(Problem description) Your answer must be the line containing "Pavilion Gift Company" and each following line to the end of the listing below, copied exactly, with pictures removed and nothing added.

(Dataset excerpt)
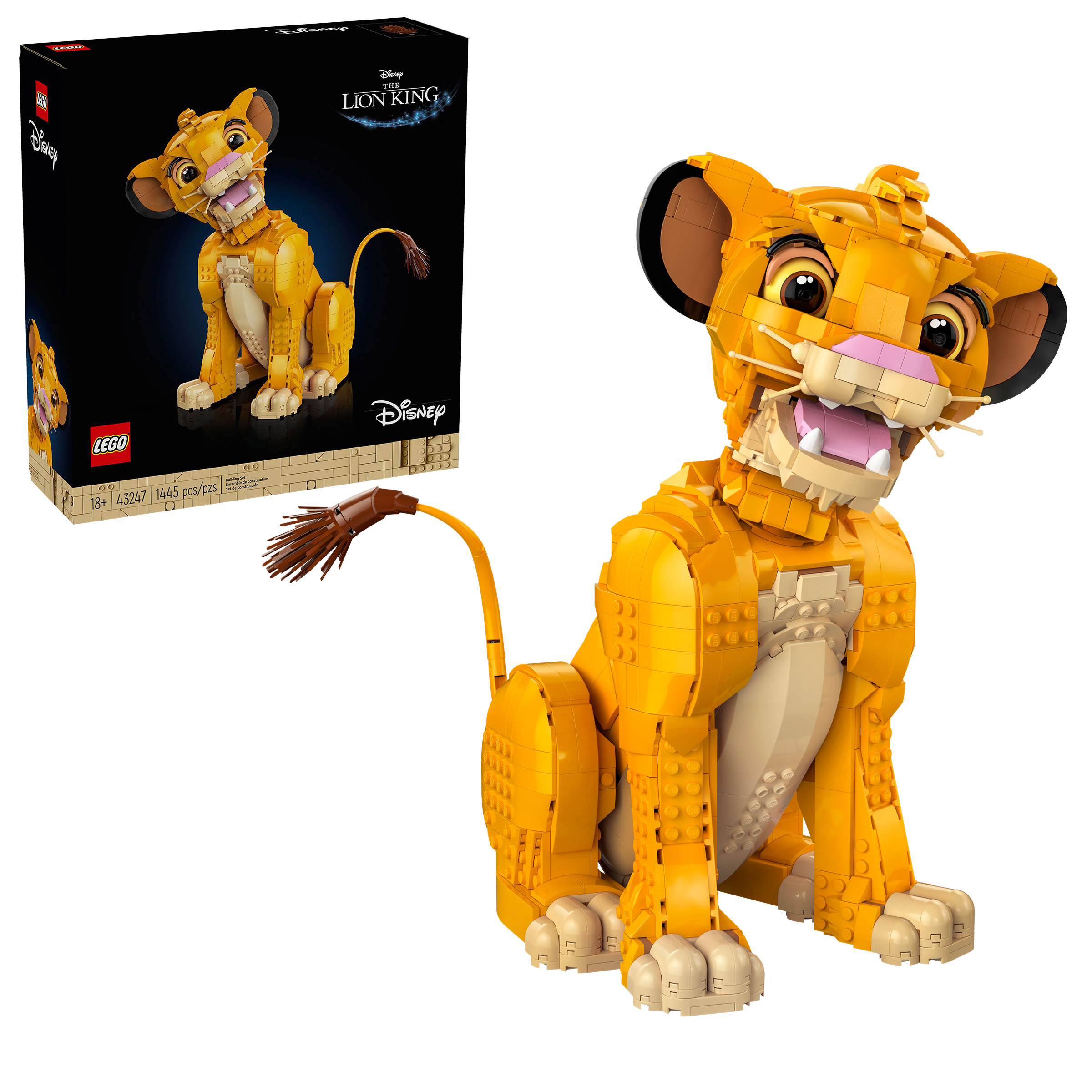 LEGO Disney Young Simba the Lion King 43247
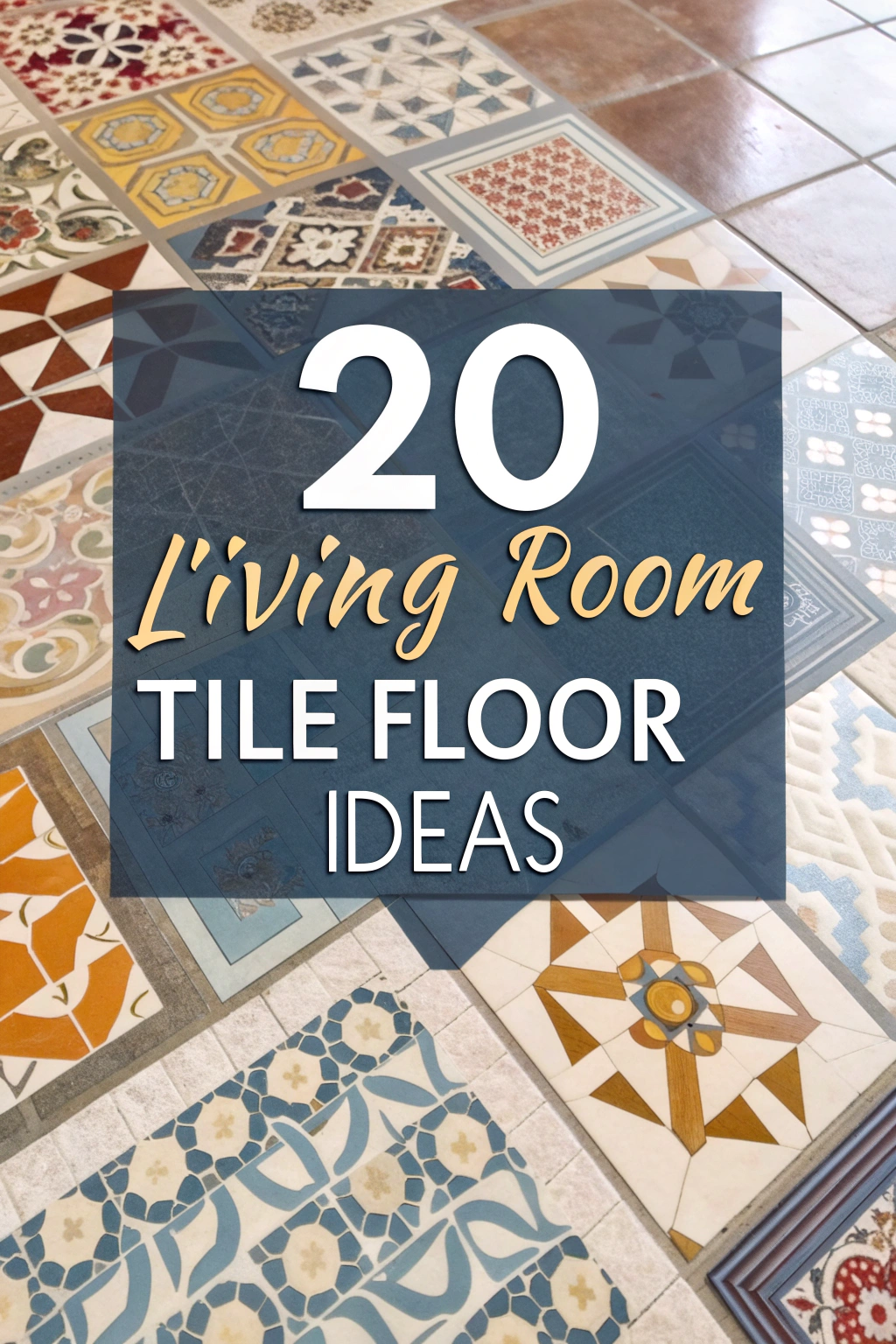 20 Wohnzimmerfliesenboden Ideen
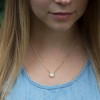 Pavilion Gift Company - Believe Pacific Opal - 16"-17.5" Necklace - Necklaces - 2 of 4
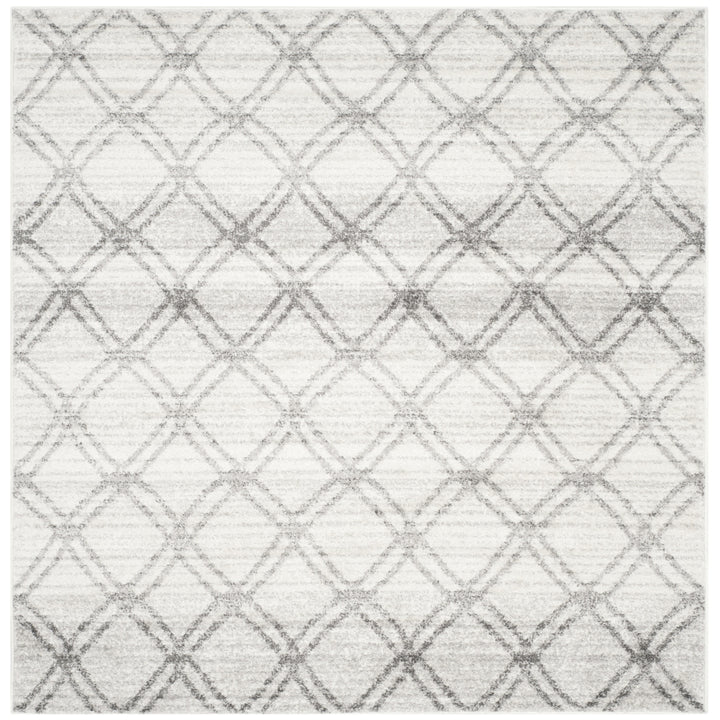 SAFAVIEH Adirondack ADR105P Silver / Charcoal Rug Image 6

(Response to this task)
 Pavilion Gift Company - Believe Pacific Opal - 16"-17.5" Necklace - Necklaces - 2 of 4
 SAFAVIEH Adirondack ADR105P Silver / Charcoal Rug Image 6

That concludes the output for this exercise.